Para tersangka yaitu Direktur Utama sekaligus pengawas, Andianto Setiabudi, istri Andianto yaitu Yulinda Tjendrawati yang menjabat sebagai bendahara dan Djulia Sri Rejeki selaku Wakil Ketua serta Kakak Andianto.

Kasubdit III Jatanras Dit Reskrim Umum Polda Jabar AKBP Murjoko Budoyono mengatakan, kasus ini masih berjalan dan tidak menutup kemungkinan tersangka bisa bertambah.

"Bisa saja ‎​ada tersangka baru," kata Murjoko dalam pesan singkat yang diterima Liputan6.com, Rabu (2/7/2014).

Namun, hal tersebut menunggu hasil audit yang dilakukan oleh akuntan publik. Bila hasilnya telah keluar, hal tersebut bisa menjadi salah satu bukti untuk menjerat yang lain.

"Sekarang lagi audit dulu. Bisa saja ‎​ada tersangka baru, nanti setelah audit selesai. Hasil audit bisa menjadi bukti baru," ujarnya.

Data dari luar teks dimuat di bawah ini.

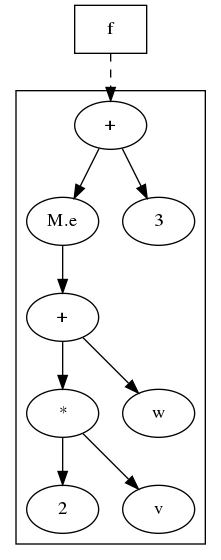 digraph foo {
    {
    f [shape=box]
    }
    x [label="+"];
    "*" -> 2;
    "*" -> v;
    "+" -> "M.e";
    "+" -> 3;
    x -> "*";
    x -> w;
    "M.e" -> x;
    subgraph cluster { "+"; 3; "*"; 2; v; "M.e"; x; w;}
    f -> "+" [splines=curved, style=dashed];
}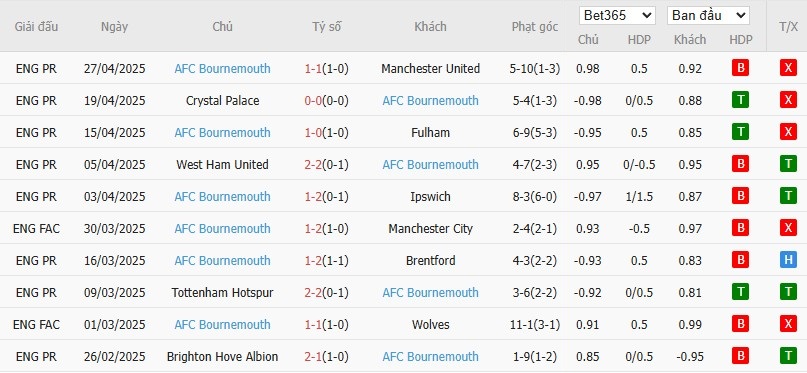 Soi kèo phạt góc Arsenal vs Bournemouth, 23h30 ngày 03/05 - Ảnh 5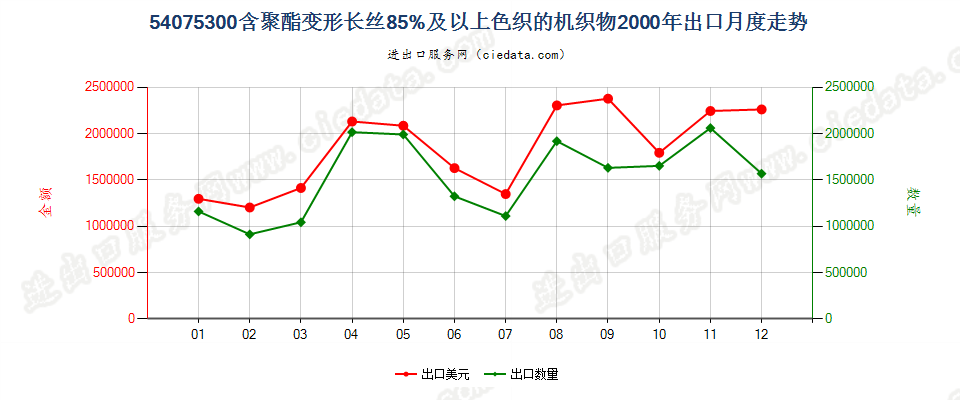 54075300聚酯变形长丝≥85％色织布出口2000年月度走势图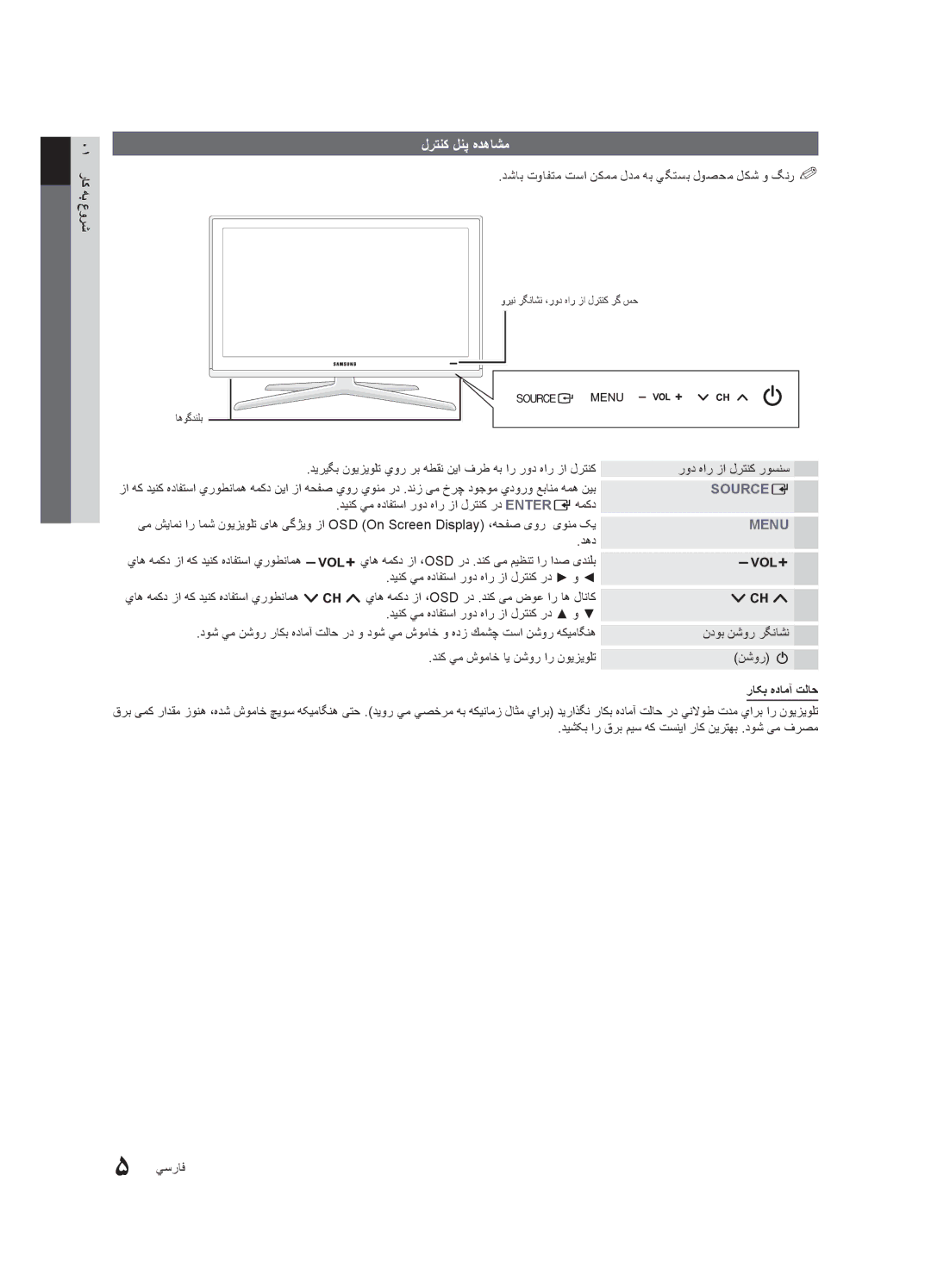 Samsung UA40C6200URXSV manual لرتنك لنپ هدهاشم, 01 راک هب عورش, دشاب توافتم تسا نكمم لدم هب يگتسب لوصحم لكش و گنر%%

Andianto Setiabudi, Yulinda Tjendrawati dan Djulia Sri Rejeki, tiga petinggi perusahaan Cipaganti Group itu diciduk oleh pihak kepolisian. Mereka terkait kasus penggelapan dan penipuan, yang dilakukan perusahaan Cipaganti kepada beberapa mitra usahanya.

Modus yang digunakan oleh pelaku, dengan kegiatan koperasi yang bekerjasama dengan sekitar 8.700 mitra usaha yang ingin menanamkan modalnya dan telah terkumpul dana sekitar Rp 3,2 triliun.

Perusahaan ini menawarkan sistem bagi hasil keuntungan, antara 1,6 % sampai 1,95 % per bulan tergantung tenor. Dana itu dikelola oleh koperasi untuk kegiatan perumahan, SPBU, transportasi, perhotelan, alat berat dan tambang.

Namun berdasarkan hasil pemeriksaan, diketahui bahwa dana mitra tersebut digunakan kepada PT. CCG sebesar Rp 200 miliar, PT CGT sebesar Rp 500 miliar, PT CGP Rp 885 juta. Keseluruhannya merupakan milik pelaku dengan kesepakatan bagi hasil 1,5% dan 1,75%.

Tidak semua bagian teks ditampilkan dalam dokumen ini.